Instructions for the task: With the pictures left out, restate exactly the part below that opens with the line containing "The QR code" and closes with the line containing "Advantages of using".

Dataset entries:

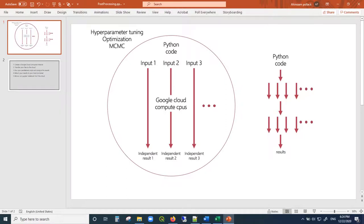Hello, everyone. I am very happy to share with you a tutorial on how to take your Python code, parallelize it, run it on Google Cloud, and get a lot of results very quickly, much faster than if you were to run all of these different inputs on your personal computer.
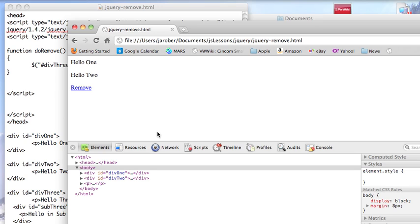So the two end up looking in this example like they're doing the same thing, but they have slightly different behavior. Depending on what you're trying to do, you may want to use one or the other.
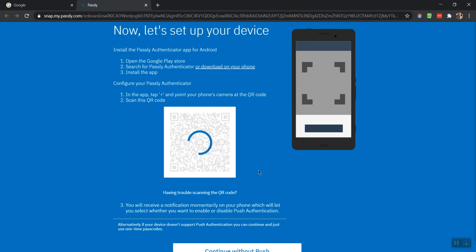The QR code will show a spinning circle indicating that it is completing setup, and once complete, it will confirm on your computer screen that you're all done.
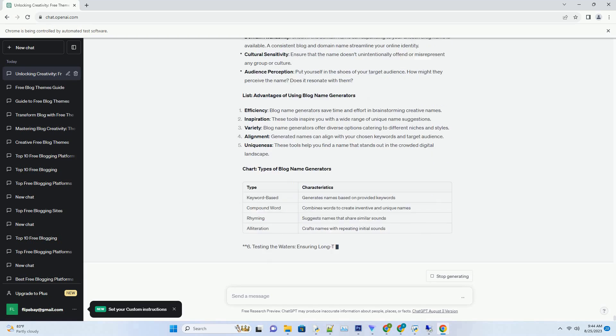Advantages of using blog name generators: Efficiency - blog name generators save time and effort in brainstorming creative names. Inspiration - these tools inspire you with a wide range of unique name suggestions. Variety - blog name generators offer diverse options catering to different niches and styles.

* * *

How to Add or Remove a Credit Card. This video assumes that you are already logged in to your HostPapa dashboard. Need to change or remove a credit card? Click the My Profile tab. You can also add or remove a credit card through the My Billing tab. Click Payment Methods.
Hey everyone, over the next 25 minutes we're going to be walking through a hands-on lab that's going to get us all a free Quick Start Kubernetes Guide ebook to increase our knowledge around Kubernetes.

Answer for the task:
The QR code will show a spinning circle indicating that it is completing setup, and once complete, it will confirm on your computer screen that you're all done.
Advantages of using blog name generators: Efficiency - blog name generators save time and effort in brainstorming creative names. Inspiration - these tools inspire you with a wide range of unique name suggestions. Variety - blog name generators offer diverse options catering to different niches and styles.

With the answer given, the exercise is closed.